Oltretutto le sevizie che hanno portato alla morte del ricercatore, scrivono i magistrati, «sono avvenute per motivi abietti e futili e abusando dei poteri, con crudeltà …».

A rischiare il processo sono il generale Sabir Tariq, i colonnelli Usham Helmi e Athar Kamel Mohamed Ibrahim, e Magdi Ibrahim Abdelal Sharif per il reato di sequestro di persona pluriaggravato, e nei confronti di quest’ultimo i pm ipotizzano anche il concorso in lesioni personali aggravate– essendo stato introdotto il reato di tortura solo nel luglio 2017, dopo l’omicidio- e il concorso in omicidio aggravato.

Verità per Giulio

(fonte: Il Fatto Quotidiano)

Cosa state facendo per la verità?”, il grido a rompere un silenzio sempre più assordante.

Sono gli stessi genitori di Giulio Regeni a puntare il dito contro il governo, prevalentemente verso il premier Giuseppe Conte e del ministro degli Esteri Luigi Di Maio

Mentre con il passare degli anni emergono i dettagli sull’omicidio del ricercatore e in in parallelo si assiste alla vergogna dell’ergastolo cautelare immotivato per lo studente dell’università di Bologna Patrick Zaki, i rapporti diplomatici e commerciali tra l’Italia e l’Egitto proseguono indisturbati.

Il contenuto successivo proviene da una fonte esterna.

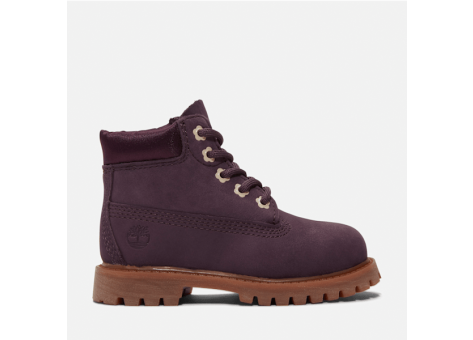 Timberland Premium 6 Inch Boot (TB0A6BE6EJJ1) lila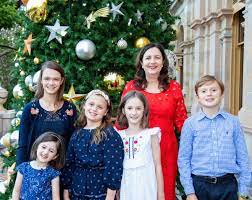 Annastacia palaszczuk wins gold for vaccine cruelty. Annastacia Palaszczuk On Twitter Merry Christmas From Our Family To Yours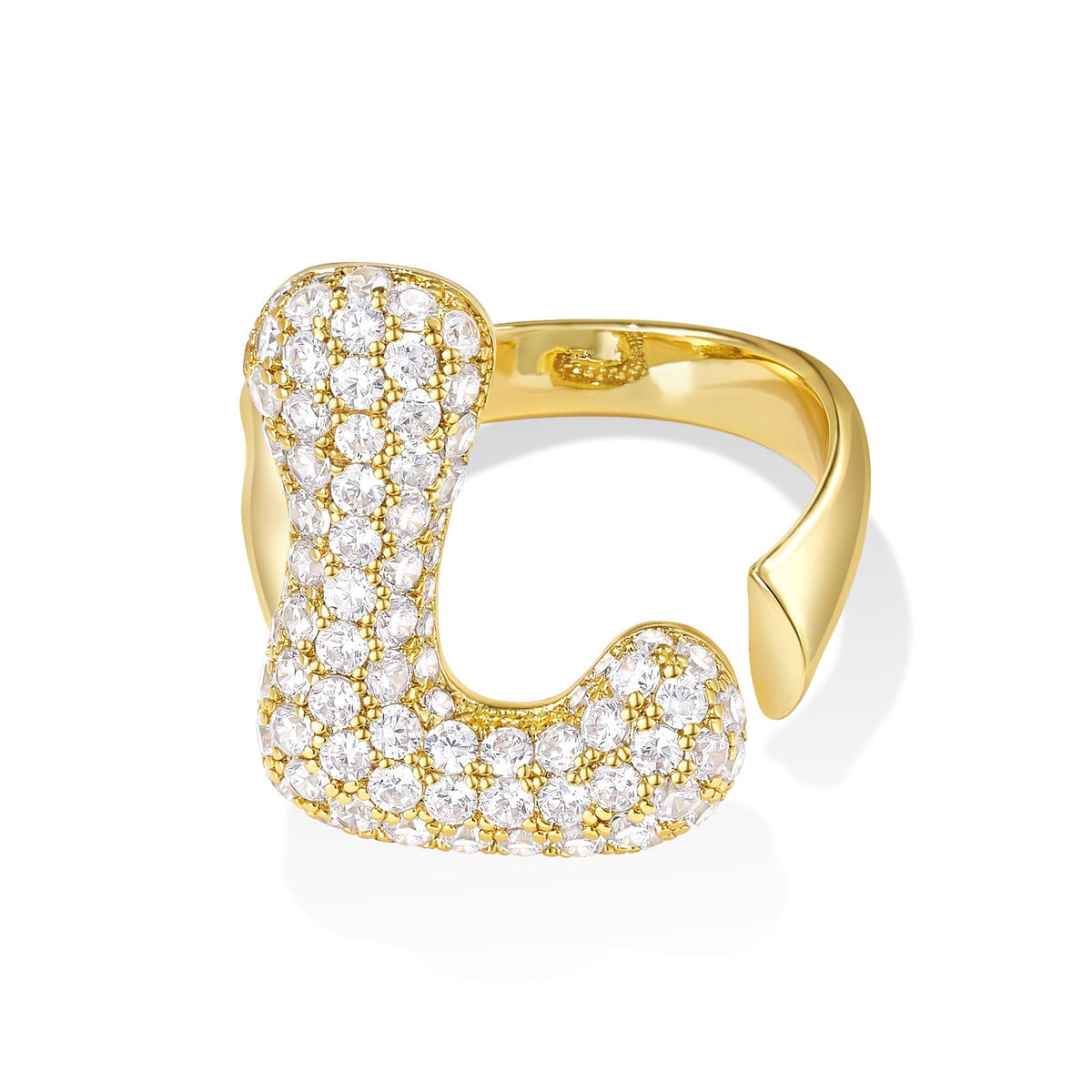 Bubble Initial Ring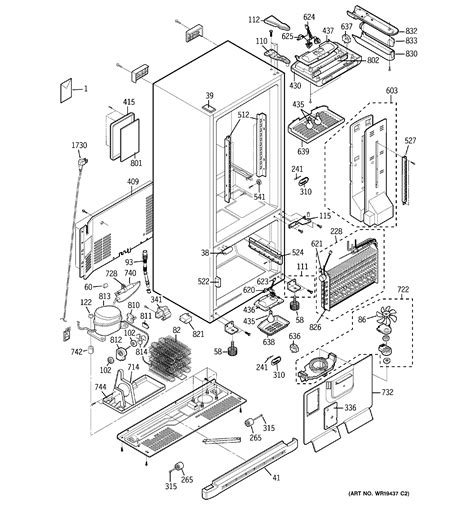 Ge profile bottom freezer refrigerator repair manual. - 1998 infiniti q45 manual de reparación de servicio de fábrica.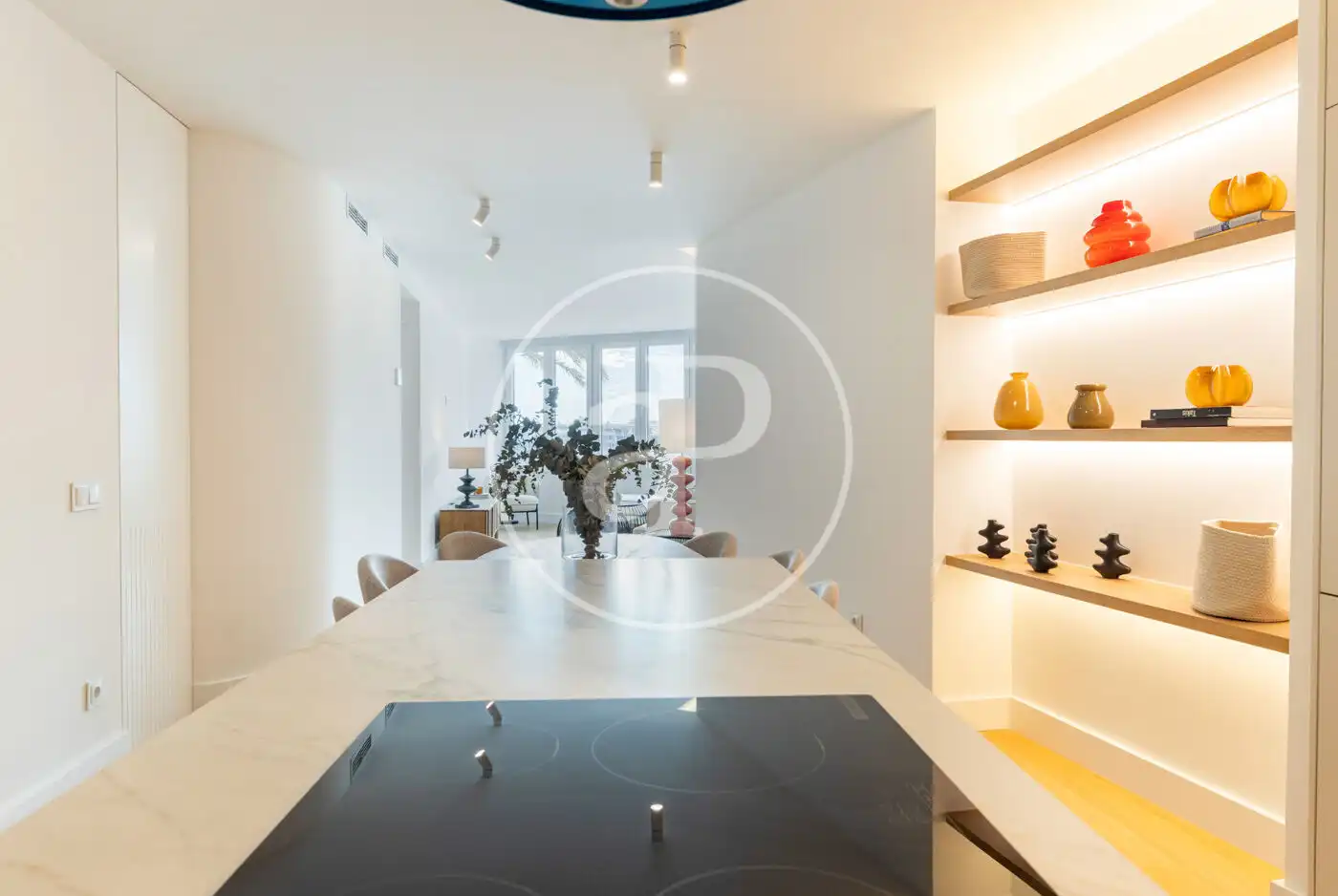 Comedor de Piso en venta en  Palma de Mallorca con Aire acondicionado, Calefacción y Amueblado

Ci si aspetterebbe una presa di posizione netta che non c’è stata; silenzio italiano che ben concilia con il silenzio del resto dell’Unione europea, culla di diritti umani e democrazia. Il motivo è abbastanza semplice: l’Egitto è un grande partner commerciale. Il presidente del Consiglio europeo Charles Michel non ha fatto cenno ai diritti umani nella sua recente visita al Cairo, il presidente del Parlamento europeo David Sassoli ha rilasciato invece dichiarazioni in proposito senza che però fossero seguite da misure concrete, mentre i leader dei principali paesi europei continuano a fare affari e a intrattenere, tranquillamente, relazioni amichevoli con il regime di Al-Sis.

L’ultimo episodio è stato il conferimento della Legion d’onore, da parte del premier francese Emmanuel Macron al presidente egiziano a Parigi.  Ci sarebbero gli estremi per un incidente diplomatico con l’Italia, grande partner francese costretta ad assistere a tutto questo nelle stesse ore in cui vengono diffuse le notizie sulle sevizie a Giulio Regeni.

Mentre l’Italia e l’Europa puntano il dito contro l’Ungheria di Viktor Orban, invocando il rispetto dello stato di diritto come presupposto per l’erogazione dei finanziamenti comunitari, dall’altro lato della medaglia spiccano l’indifferenza e l’omertà rispetto a ciò che succede oltre i propri confini continentali, anteponendo gli interessi commerciali ai diritti umani.